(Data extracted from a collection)
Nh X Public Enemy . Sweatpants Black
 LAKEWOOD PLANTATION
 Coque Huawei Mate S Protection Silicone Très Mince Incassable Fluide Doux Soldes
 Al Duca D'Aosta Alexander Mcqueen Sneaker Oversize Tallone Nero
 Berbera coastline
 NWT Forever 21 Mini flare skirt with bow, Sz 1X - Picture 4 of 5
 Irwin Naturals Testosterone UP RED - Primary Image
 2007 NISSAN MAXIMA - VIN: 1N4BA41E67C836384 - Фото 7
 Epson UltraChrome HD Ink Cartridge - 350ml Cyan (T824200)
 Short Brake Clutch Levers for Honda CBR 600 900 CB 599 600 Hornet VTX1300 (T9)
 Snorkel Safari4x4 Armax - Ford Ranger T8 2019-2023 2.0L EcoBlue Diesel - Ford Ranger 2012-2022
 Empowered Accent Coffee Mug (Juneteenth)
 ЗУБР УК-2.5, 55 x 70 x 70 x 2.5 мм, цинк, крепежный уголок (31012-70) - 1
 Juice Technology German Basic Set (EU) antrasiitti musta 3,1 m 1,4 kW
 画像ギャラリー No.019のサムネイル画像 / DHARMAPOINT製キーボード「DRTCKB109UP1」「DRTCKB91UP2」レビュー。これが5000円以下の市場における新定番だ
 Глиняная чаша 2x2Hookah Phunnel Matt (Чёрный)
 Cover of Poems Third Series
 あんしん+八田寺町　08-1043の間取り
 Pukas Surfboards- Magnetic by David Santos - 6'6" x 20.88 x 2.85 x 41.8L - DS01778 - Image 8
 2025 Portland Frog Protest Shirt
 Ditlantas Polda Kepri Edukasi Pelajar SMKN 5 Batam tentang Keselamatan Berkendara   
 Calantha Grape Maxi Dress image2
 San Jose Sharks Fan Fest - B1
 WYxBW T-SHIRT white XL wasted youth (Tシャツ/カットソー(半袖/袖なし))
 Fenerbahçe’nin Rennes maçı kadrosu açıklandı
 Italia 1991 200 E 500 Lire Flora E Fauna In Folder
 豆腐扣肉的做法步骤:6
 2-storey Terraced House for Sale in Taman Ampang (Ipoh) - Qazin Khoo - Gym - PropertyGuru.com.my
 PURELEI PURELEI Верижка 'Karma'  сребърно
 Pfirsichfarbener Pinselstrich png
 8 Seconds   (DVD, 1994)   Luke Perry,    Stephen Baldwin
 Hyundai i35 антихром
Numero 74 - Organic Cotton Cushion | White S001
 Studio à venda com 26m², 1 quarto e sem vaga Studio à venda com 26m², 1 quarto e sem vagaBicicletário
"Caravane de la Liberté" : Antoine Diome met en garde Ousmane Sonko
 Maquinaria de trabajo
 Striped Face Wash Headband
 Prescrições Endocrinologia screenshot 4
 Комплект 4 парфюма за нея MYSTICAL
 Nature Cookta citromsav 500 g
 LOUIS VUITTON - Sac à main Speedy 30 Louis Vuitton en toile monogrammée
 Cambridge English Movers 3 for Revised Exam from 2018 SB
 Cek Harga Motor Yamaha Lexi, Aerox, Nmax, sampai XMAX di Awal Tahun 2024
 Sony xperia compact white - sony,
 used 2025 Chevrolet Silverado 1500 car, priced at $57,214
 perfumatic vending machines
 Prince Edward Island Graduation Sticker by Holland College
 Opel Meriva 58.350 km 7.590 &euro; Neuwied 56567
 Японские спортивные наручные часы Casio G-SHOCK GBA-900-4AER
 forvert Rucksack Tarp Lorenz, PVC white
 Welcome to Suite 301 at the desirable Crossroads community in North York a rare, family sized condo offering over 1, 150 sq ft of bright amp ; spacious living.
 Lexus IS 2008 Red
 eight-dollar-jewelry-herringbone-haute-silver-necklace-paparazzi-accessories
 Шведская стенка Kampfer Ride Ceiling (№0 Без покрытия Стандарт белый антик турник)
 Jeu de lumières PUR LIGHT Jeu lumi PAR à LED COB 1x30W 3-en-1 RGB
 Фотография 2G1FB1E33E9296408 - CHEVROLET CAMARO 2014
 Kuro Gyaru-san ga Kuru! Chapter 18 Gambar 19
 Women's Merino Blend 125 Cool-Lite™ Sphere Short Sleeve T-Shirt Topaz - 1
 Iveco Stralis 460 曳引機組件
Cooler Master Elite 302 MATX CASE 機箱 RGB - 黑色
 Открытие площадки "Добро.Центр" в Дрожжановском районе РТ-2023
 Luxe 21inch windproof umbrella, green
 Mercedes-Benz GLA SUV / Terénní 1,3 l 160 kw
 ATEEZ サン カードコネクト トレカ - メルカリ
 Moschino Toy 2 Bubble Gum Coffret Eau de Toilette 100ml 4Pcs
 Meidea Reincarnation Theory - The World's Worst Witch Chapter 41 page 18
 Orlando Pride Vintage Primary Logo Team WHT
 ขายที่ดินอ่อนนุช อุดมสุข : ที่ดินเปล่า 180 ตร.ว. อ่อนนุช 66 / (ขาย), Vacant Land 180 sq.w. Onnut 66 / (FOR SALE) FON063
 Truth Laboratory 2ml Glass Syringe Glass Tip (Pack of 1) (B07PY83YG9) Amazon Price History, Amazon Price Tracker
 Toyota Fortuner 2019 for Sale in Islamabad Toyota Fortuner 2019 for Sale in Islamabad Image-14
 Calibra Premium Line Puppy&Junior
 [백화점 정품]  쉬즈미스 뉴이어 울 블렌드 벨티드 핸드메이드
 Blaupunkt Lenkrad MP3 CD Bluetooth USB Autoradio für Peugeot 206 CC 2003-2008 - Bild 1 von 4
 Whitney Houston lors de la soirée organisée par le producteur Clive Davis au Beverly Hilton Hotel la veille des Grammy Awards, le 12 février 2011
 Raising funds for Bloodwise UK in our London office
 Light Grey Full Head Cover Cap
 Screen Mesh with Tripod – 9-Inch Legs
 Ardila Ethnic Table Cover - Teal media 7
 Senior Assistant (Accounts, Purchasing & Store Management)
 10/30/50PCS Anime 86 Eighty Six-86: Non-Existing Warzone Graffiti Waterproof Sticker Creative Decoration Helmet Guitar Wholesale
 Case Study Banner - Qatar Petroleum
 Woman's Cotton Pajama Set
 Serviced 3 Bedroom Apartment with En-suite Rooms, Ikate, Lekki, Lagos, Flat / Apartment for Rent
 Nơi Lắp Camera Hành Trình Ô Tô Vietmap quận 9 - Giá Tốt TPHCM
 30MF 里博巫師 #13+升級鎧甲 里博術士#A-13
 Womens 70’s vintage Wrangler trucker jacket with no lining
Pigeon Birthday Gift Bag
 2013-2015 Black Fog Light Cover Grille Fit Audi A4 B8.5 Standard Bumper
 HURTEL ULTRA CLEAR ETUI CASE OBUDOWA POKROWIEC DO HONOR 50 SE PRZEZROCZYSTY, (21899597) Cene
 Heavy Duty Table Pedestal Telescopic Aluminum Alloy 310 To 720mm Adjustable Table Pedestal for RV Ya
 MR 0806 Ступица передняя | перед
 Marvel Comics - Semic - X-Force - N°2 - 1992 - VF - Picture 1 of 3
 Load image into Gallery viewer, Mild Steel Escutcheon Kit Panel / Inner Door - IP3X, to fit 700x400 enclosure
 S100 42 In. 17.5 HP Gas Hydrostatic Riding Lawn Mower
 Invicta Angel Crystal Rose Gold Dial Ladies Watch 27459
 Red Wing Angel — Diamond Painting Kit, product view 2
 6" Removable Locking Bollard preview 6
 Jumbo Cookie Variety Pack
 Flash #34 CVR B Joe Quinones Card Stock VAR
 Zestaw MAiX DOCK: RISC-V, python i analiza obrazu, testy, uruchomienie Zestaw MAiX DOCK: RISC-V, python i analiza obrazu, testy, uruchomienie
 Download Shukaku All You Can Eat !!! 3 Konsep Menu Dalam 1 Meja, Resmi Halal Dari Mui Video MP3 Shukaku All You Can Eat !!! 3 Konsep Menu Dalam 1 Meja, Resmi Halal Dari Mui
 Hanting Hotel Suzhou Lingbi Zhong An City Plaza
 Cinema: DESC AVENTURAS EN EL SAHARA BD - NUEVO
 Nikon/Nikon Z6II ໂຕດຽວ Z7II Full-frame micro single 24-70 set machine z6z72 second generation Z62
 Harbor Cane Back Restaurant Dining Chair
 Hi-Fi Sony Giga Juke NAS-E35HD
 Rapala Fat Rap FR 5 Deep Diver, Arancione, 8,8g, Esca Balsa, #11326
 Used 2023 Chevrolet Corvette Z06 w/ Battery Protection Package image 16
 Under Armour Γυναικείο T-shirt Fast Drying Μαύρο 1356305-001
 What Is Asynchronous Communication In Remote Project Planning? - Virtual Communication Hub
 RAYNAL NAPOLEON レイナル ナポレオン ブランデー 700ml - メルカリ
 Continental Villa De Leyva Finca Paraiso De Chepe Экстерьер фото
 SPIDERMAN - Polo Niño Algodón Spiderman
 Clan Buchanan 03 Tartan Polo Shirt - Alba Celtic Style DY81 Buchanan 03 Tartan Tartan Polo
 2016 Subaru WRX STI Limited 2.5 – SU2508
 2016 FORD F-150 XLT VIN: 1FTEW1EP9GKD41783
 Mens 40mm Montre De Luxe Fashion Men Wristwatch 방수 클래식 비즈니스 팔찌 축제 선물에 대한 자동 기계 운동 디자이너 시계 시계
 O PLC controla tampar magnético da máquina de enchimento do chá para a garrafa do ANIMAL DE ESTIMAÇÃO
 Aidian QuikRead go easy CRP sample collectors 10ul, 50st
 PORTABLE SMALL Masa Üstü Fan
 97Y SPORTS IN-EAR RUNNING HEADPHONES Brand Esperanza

● **WHAT NEEDS TO BE DONE**
Copy out each line of the records above that includes "Angel".

● **OUTPUT OF THE EXERCISE**
 Invicta Angel Crystal Rose Gold Dial Ladies Watch 27459
 Red Wing Angel — Diamond Painting Kit, product view 2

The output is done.